We aren’t a banana republic just yet, and we may not go that way, but if something isn’t done fairly soon, that destination will look a lot more likely than your pundit thinks it should be.
The US Federal Deficit was a measly $79.9 billion in December, an improvement from $91.4 billion the year before. Revenues were 8% higher at $236.8 billion but expenditures were also higher, at $316.8 billion. We will not likely exceed the total deficit of 2009, which was a record $1.42 Trillion but we will see a deficit of $1.29 trillion. Oh well.
While the budget gap grew, the trade gap narrowed. The US Trade Deficit was a mere $38.3 billion in November versus $38.4 billion in October. This is the fourth straight month where our trade gap showed improvement.
Producer prices rose 1.1% in December according to the Bureau of Labor Statistics. Energy prices gained 3.7% to drive the change. The core index, excluding food and energy prices, rose 0.2%. For 2010, the headline inflation rate was 4.0% (does that surprise anyone?) while the core number was 1.3%.
The Consumer price index rose 0.5%, the largest increase since June 2009. The culprit behind the rise was energy prices, as with PPI above. The core CPI, which excludes food and energy prices, rose only 0.1%. For the entire year 2010 CPI rose 1.5% and the core version a mere 0.8%.
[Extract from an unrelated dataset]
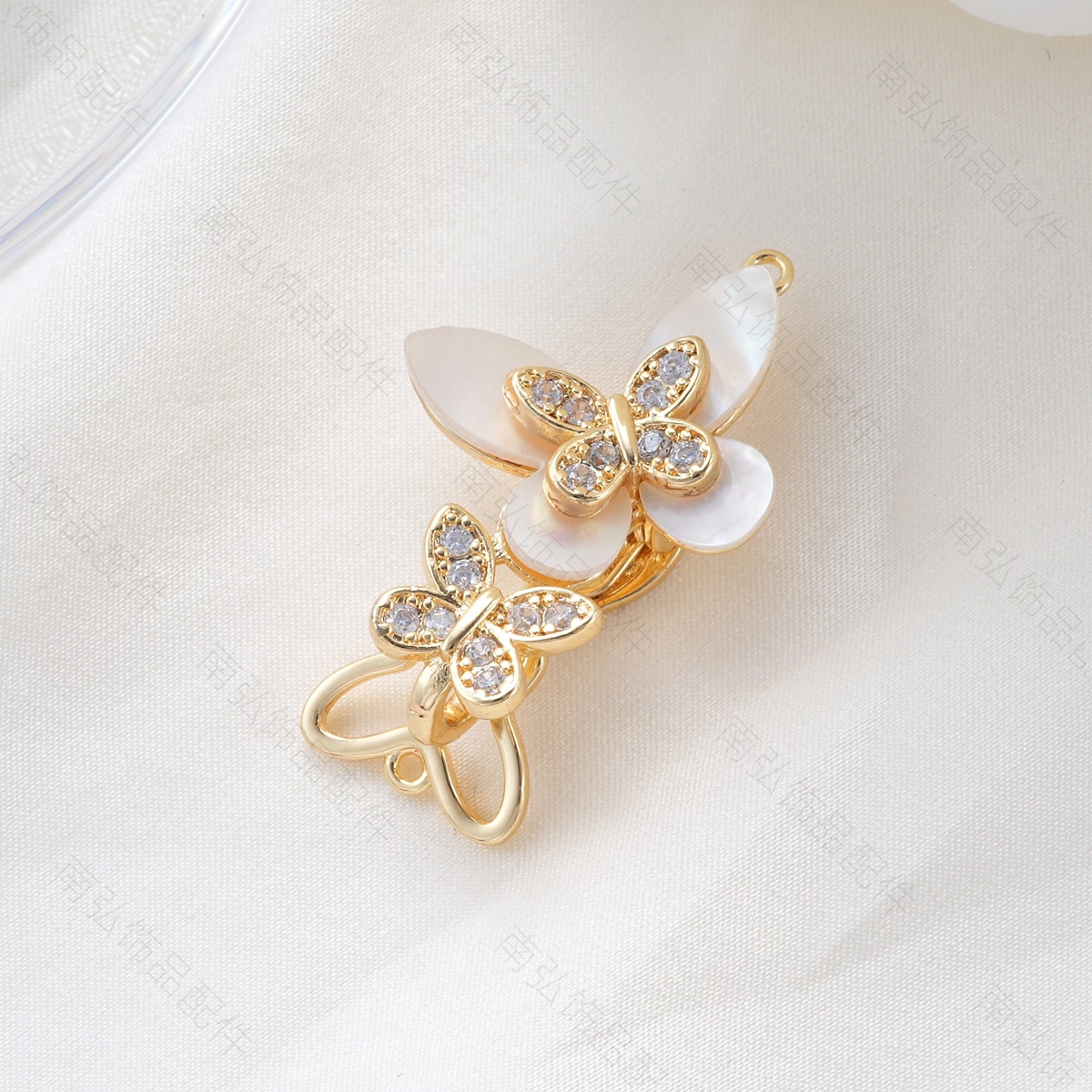 Copper-plated 18k high color retention, zirconium-inlaid white shell butterfly elastic buckle pearl necklace clasp DIY jewelry accessory Application Scenario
Retail sales rose 0.6%, but excluding auto sales the gain was just 0.5%. This marks the sixth straight month with gains in retail sales. Many economists had expected even better sales after the better than expected Christmas selling season for many retailers. However, bad weather likely reduced much routine purchasing on the Eastern Seaboard and the upper Midwest.
Industrial production rose 0.8% in December.
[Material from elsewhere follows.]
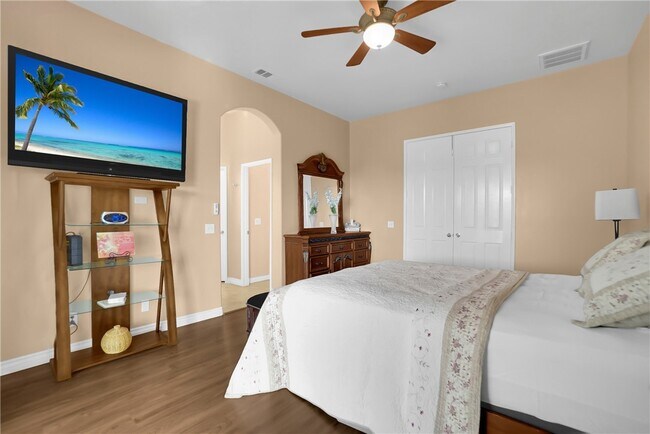 Building Photo - 515 Omar St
The Bank of England and the European Central Bank both left their overnight lending rates unchanged.
Consumer sentiment surprisingly fell in early January in the University of Michigan survey. The index slipped from 75.2 to 72.7 while all sorts of other economic indicators are screaming improvement. Are we really that dumb? Probably.
For what seemed like a do-nothing week, we had some pretty darned good performance from the equity markets. Frankly, we were surprised to see some of the numbers when we created the Weekly Review companion piece to accompany this missive. Sure the Dow gained less than 1%, but Merck had some bad news and this is yet another reason why the Dow is a horrible index for the broad market. When one out of thirty stocks gets clobbered, it gives a mistaken view of what happened in the broad market. Most stocks advanced, many advanced nicely.
It seemed like all the old bogey men came back last week and yet we faced them all down (and now, this isn’t some So You Think You Can Dance reference). The European debt ‘crisis’ was again apparent with the fear of a failed Portuguese bond auction, but the European Central Bank came in and bought most of it, so it was okay. There was the Chinese stealth fighter that seemed to even surprise Chinese Premier Hu. There was all the brouhaha over comments in the media about conservative compliance in the Tucson shootings that caused even the President in his remarks at the memorial service to reject such speech.
It is a new year and we need new fears to stop this market. The inflation reports gave us some ammunition for renewed fear from that quarter. The employment numbers didn’t support the idea of a brisker pace of recovery there. Yet, the market went up and up nicely.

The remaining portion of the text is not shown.